Data for this task START

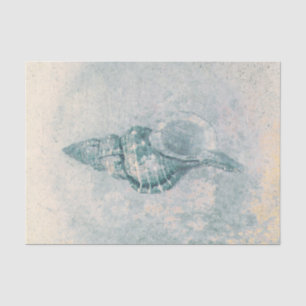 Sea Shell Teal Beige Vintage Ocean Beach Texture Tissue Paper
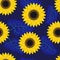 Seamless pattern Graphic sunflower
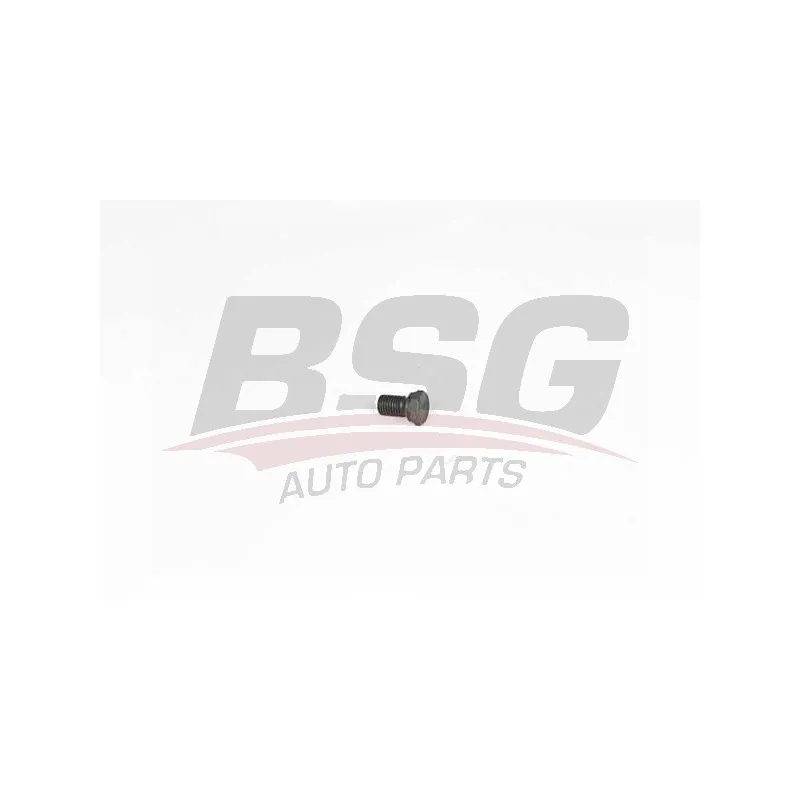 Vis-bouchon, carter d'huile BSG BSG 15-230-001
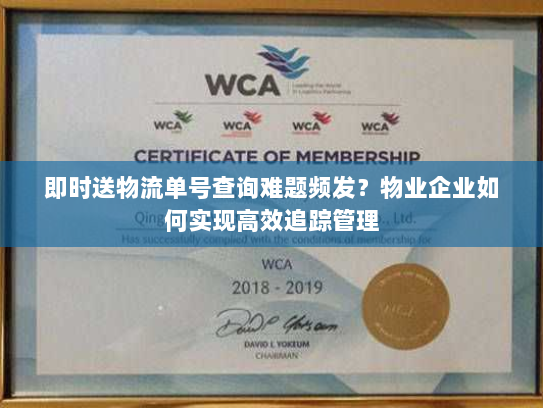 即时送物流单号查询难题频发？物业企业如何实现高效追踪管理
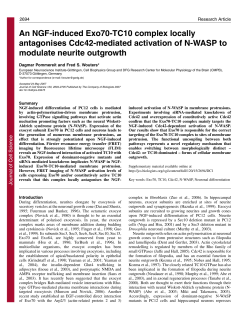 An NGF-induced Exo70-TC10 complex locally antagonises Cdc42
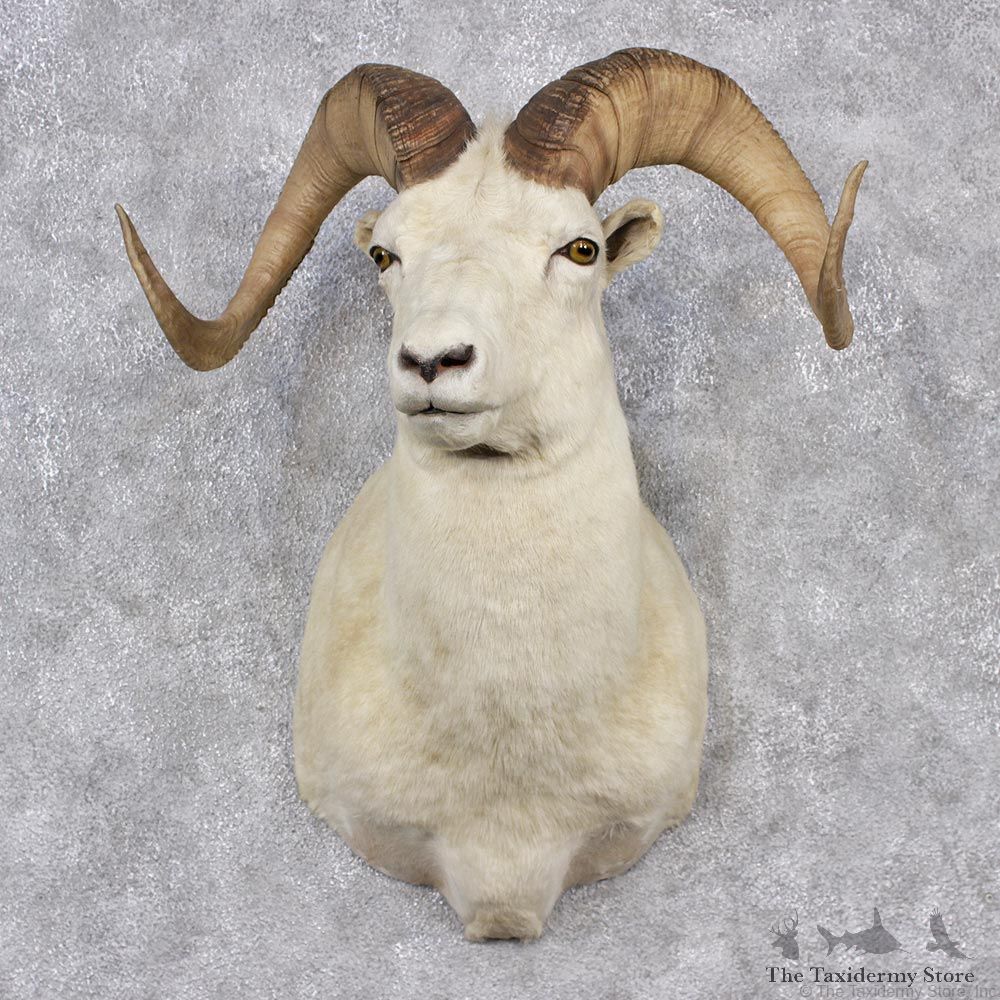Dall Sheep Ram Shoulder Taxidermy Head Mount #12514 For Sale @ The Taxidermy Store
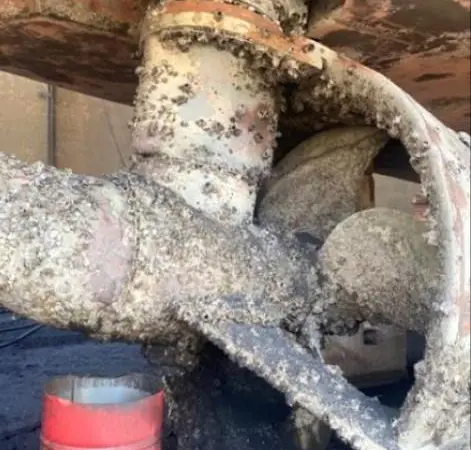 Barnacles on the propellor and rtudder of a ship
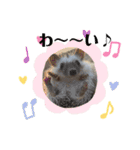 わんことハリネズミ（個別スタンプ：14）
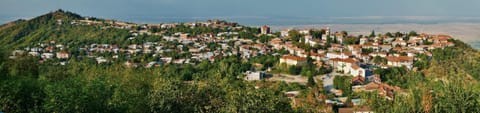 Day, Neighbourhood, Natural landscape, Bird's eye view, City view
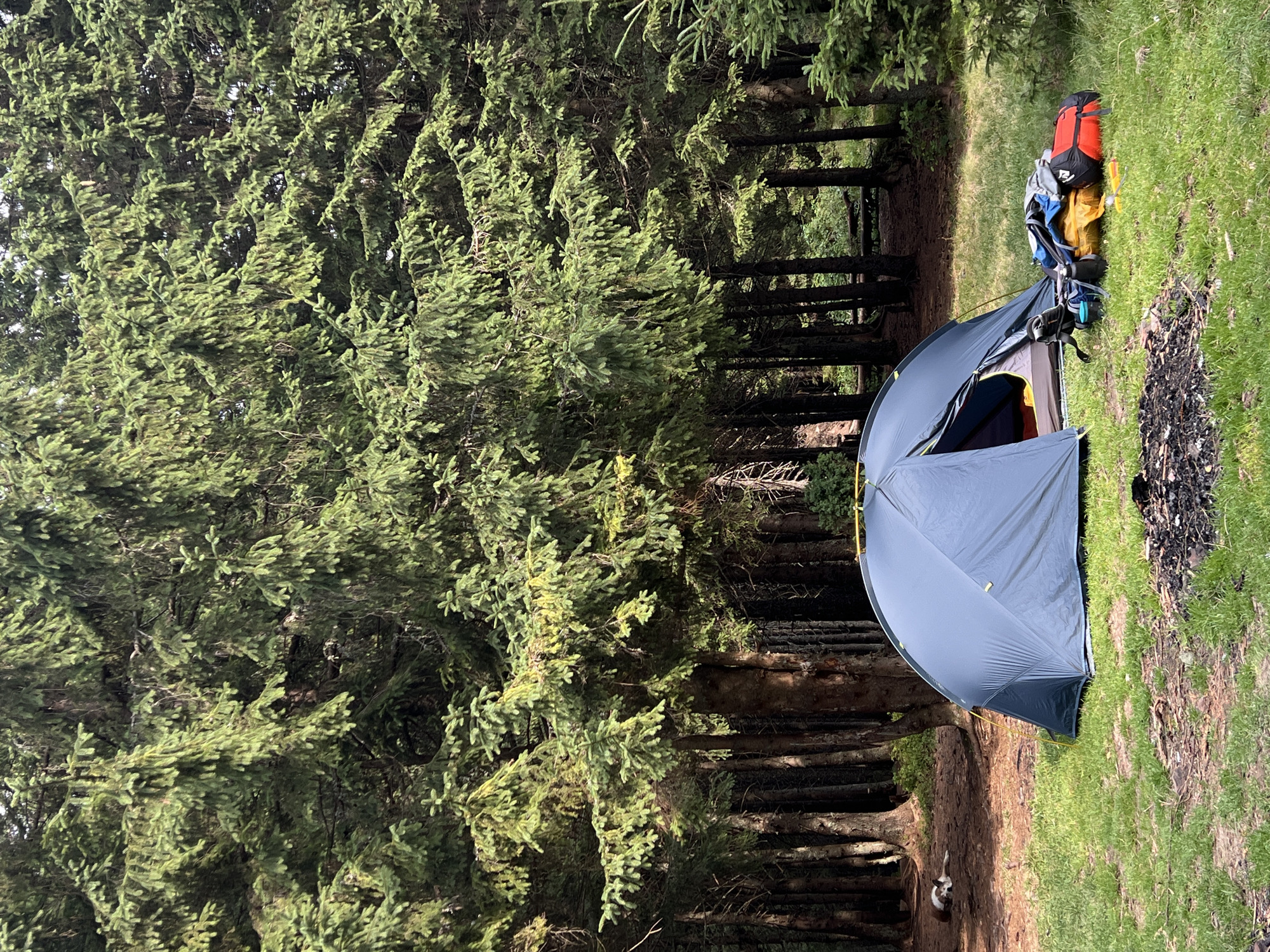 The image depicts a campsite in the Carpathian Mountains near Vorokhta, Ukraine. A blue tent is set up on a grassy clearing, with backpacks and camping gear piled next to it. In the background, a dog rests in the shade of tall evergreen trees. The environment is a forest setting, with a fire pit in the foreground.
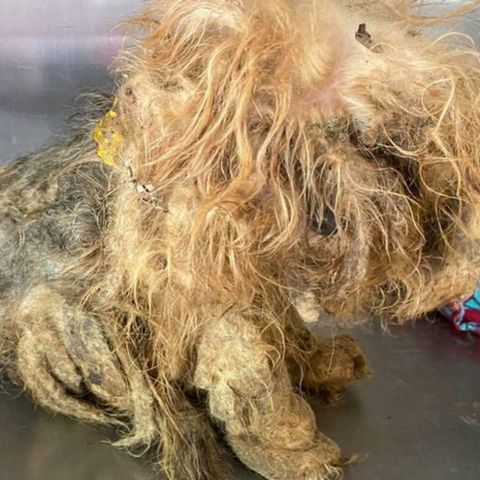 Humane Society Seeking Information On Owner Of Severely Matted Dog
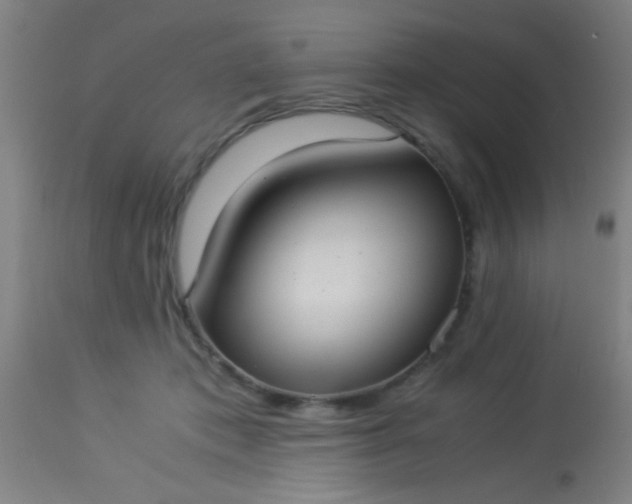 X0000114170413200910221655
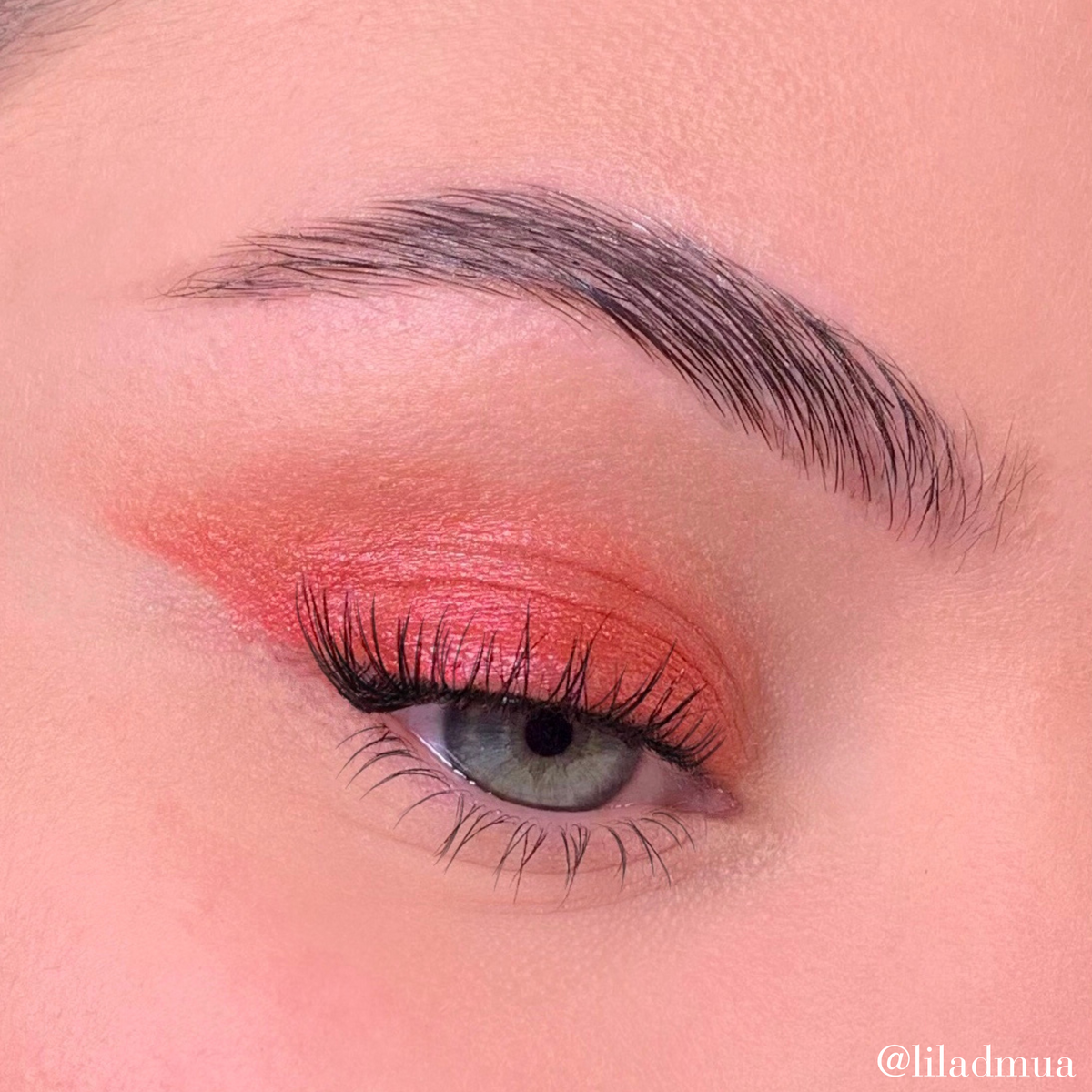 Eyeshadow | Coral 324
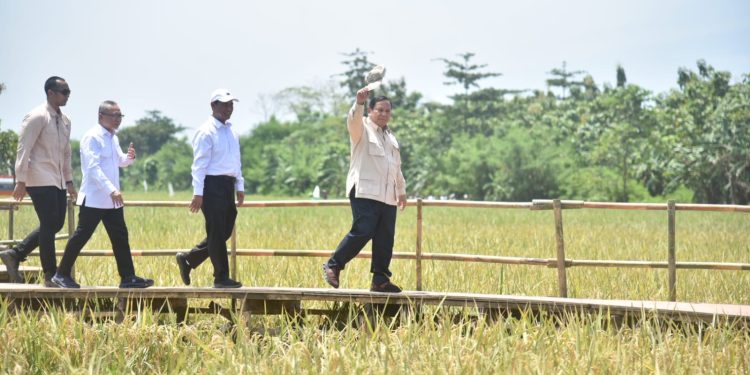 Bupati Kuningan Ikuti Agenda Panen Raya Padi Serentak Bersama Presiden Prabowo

Data for this task END

Would you copy the records word for word, without any of their pictures?

◆ **Completed task**
 Sea Shell Teal Beige Vintage Ocean Beach Texture Tissue Paper
 Seamless pattern Graphic sunflower
 Vis-bouchon, carter d'huile BSG BSG 15-230-001
 即时送物流单号查询难题频发？物业企业如何实现高效追踪管理
 An NGF-induced Exo70-TC10 complex locally antagonises Cdc42
Dall Sheep Ram Shoulder Taxidermy Head Mount #12514 For Sale @ The Taxidermy Store
 Barnacles on the propellor and rtudder of a ship
 わんことハリネズミ（個別スタンプ：14）
 Day, Neighbourhood, Natural landscape, Bird's eye view, City view
 The image depicts a campsite in the Carpathian Mountains near Vorokhta, Ukraine. A blue tent is set up on a grassy clearing, with backpacks and camping gear piled next to it. In the background, a dog rests in the shade of tall evergreen trees. The environment is a forest setting, with a fire pit in the foreground.
 Humane Society Seeking Information On Owner Of Severely Matted Dog
 X0000114170413200910221655
 Eyeshadow | Coral 324
 Bupati Kuningan Ikuti Agenda Panen Raya Padi Serentak Bersama Presiden Prabowo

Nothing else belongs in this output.